Coverage The coverage of reads mapped to a reference genome was assessed using BEDTools ( https://​github.​com/​arq5x/​bedtools2) and the genomeCoverageBed function. Plasmid analysis A query sequence

of 9299 bases, positions 3036 to 12334 from Lens plasmid pLPL (Accession: NC_006366) was used to search blast databases using blastall (blastn program) from NCBI. Overview of genome similarity BRIG (BLAST Ring Image Generator) was used to produce an image to illustrate the similarity between the Corby genome and one sequence from each of the BAPS clusters (except for Clusters 1 and 2 where two sequences were included, one from each clade on the phylogenetic tree produced from SBT data). Similarity was determined using BLASTn. Gene content analysis A novel method was used to Fosbretabulin price cluster the genes from this website all the genomes in the study. This method we have termed CoreAccess is reported in full in a paper currently under preparation. Briefly, the protein sequences of all genes from the genomes were

used as input for the program cd-hit [49]. These genes were either those already annotated in the sequence files of the GenBank genomes or those predicted using Glimmer3 [50] trained using the Corby sequence genes. The proteins were clustered using cd-hit using a hierarchical approach, first clustering at a high percentage cut-off and then stepwise lowering of the cut-off and clustering the clusters from the previous step. The final cut-off was 80%. This hierarchical approach overcomes errors that can arise in single CCI-779 step clustering as described on the cd-hit website (cd-hit.org). The hypothesis underlying this methodology is that the clusters contain homologous proteins from the different genomes and as such represent groups of proteins with the same or similar function from the different genomes.
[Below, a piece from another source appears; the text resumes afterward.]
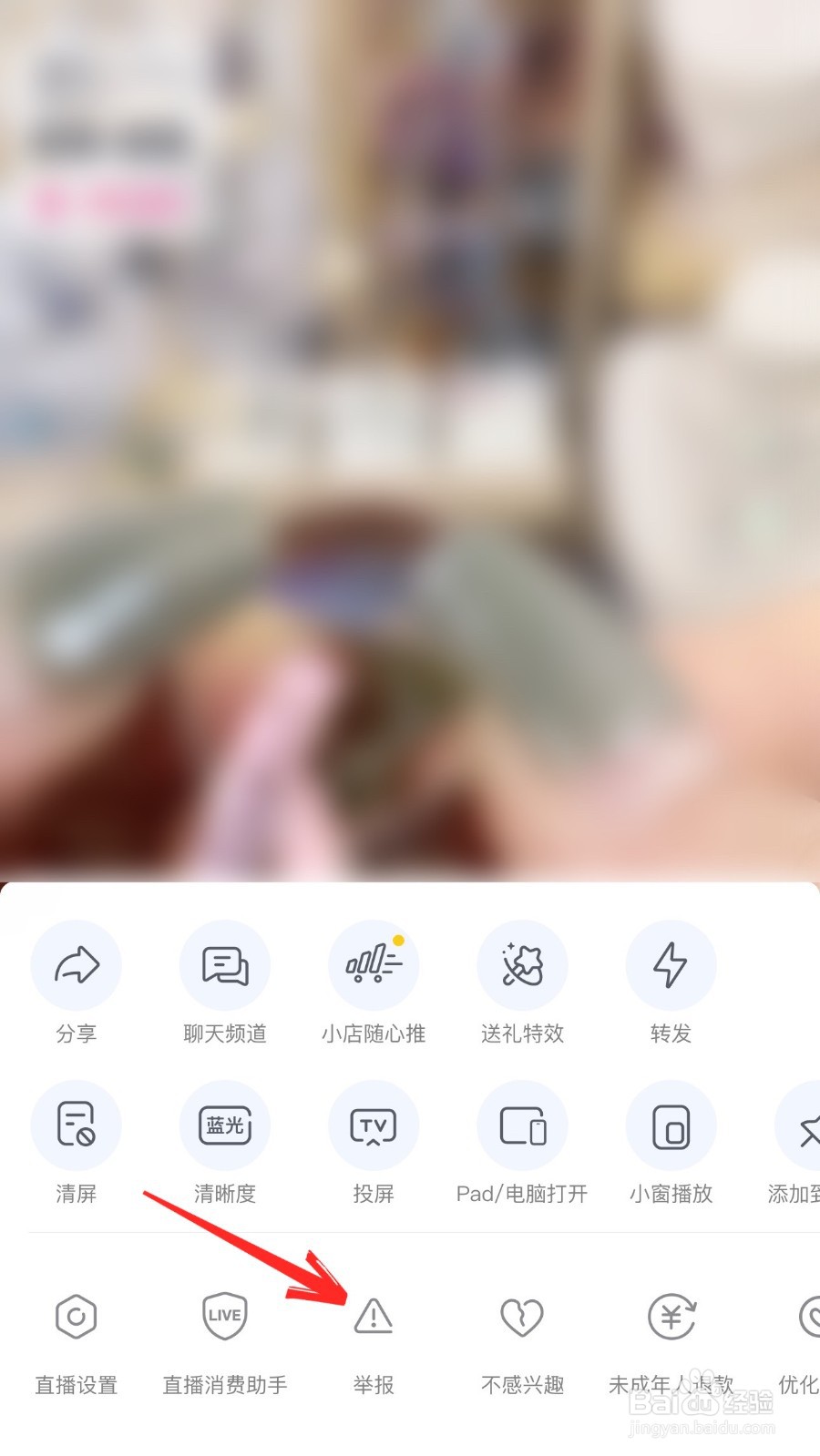 抖音怎么举报直播间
In order to be able to search the clusters and find for example genes shared by all the genomes, the information about the clusters

in the cd-hit output was collated into a sqlite3 database using tools within the Core Access suite. Phylogenetic Tree construction Methocarbamol Maximum likelihood tree phylogenetic trees were produced from mutiple fasta files by the MEGA software package [51] using the Tamura-Nei model, and testing the phylogeny with 500 bootstrap replicates. To construct a tree from the gene content analysis, the database generated by CoreAccess was queried using SQL so that the presence/absence of a protein representative from each strain in every cluster was recorded to produce a phylip compatible discrete state (binary 0/1) character matrix. The seqboot program for the Phylip package [52] was used to create 100 bootstrap replicates using the Discrete Morphology data type and Non-interleaved as parameters.